What is machine learning resampling

Machine learning in R

In everyday life, in the media and in business, the terms artificial intelligence and supervised machine learning are often equated. Strictly speaking, from a scientific point of view, monitored machine learning is only a much smaller sub-area of ​​artificial intelligence, since artificial intelligence also includes other research areas such as robotics and computer vision.

This course introduces algorithms and general concepts of supervised machine learning that are particularly suitable for modeling non-linear relationships for complex classification and regression problems. The basic principles of the presented algorithms and concepts are explained in an understandable way for beginners, their functionality is illustrated and the advantages and disadvantages are discussed. All algorithms and topics introduced are illustrated using practical examples and use cases and practiced by participants with exercises.
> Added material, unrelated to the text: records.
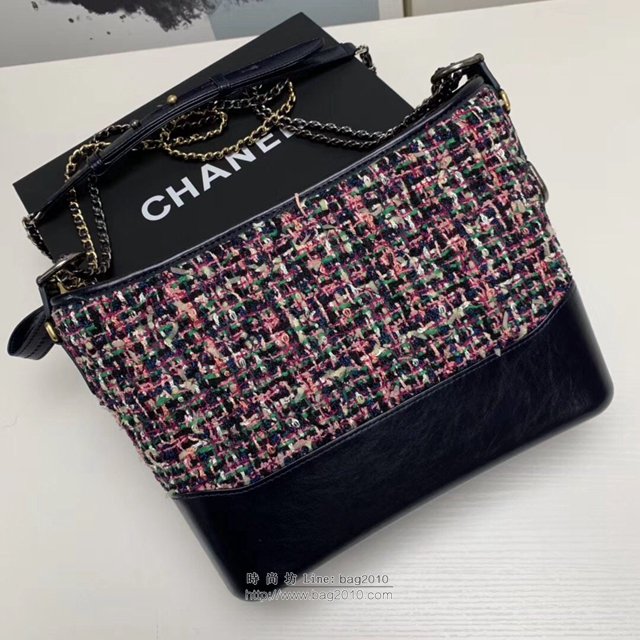 Chanel女包 Gabrielle#流浪包升級版 香奈兒大號流浪包 香奈爾單肩斜挎包  djc2522
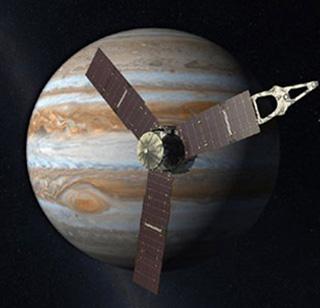 Successful entry into NASA's 'Juno' space system | नासाच्या 'जुनो' अवकाश यानाचा गुरुच्या कक्षेत यशस्वी प्रवेश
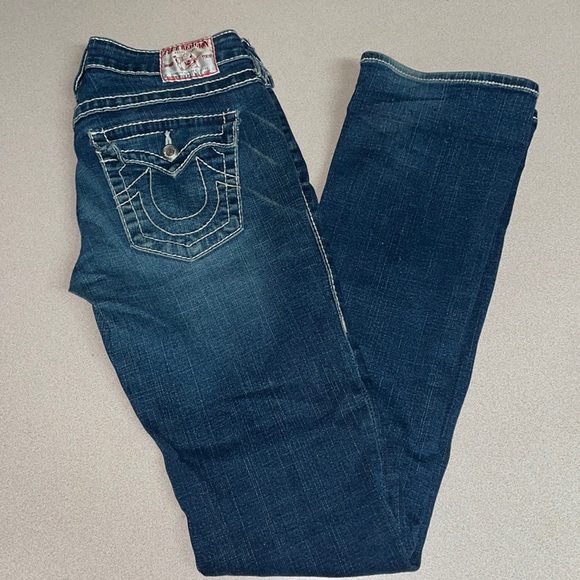 True Religion Bootcut Denim Jeans - Picture 1 of 6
The course uses the R extension package mlr3: Machine Learning in R, which the team at Essential Data Science Training GmbH has been developing for years.

Main topics part 1: Introduction to machine learning and predictive modeling

Course participants should be familiarized with the most important concepts and terms of machine learning, as well as training and evaluating the first simple, monitored learning models. The following topics are covered:

  • General questions in machine learning (regression, classification, clustering, ...)

  • Introduction of general terms (loss function, risk minimization, overfitting, hyper and model parameters, training and test data, ...)

  • Linear and Logistic Regression from a Machine Learning Perspective

  • K-nearest neighbor method

  • Important evaluation measures for regression and classification and their properties

  • Resampling methods (cross validation, bootstrap, ...) and their advantages and disadvantages

Main topics part 2: Practical machine learning - evaluation and tuning

In this part of the course, various supervised machine learning algorithms are introduced. The advantages and disadvantages of the models are discussed. In addition, further advanced concepts for (monitored) machine learning are taught in order to be able to solve practical problems better and more efficiently. The following topics are covered:

  • Hyperparameter optimization (random search and grid search)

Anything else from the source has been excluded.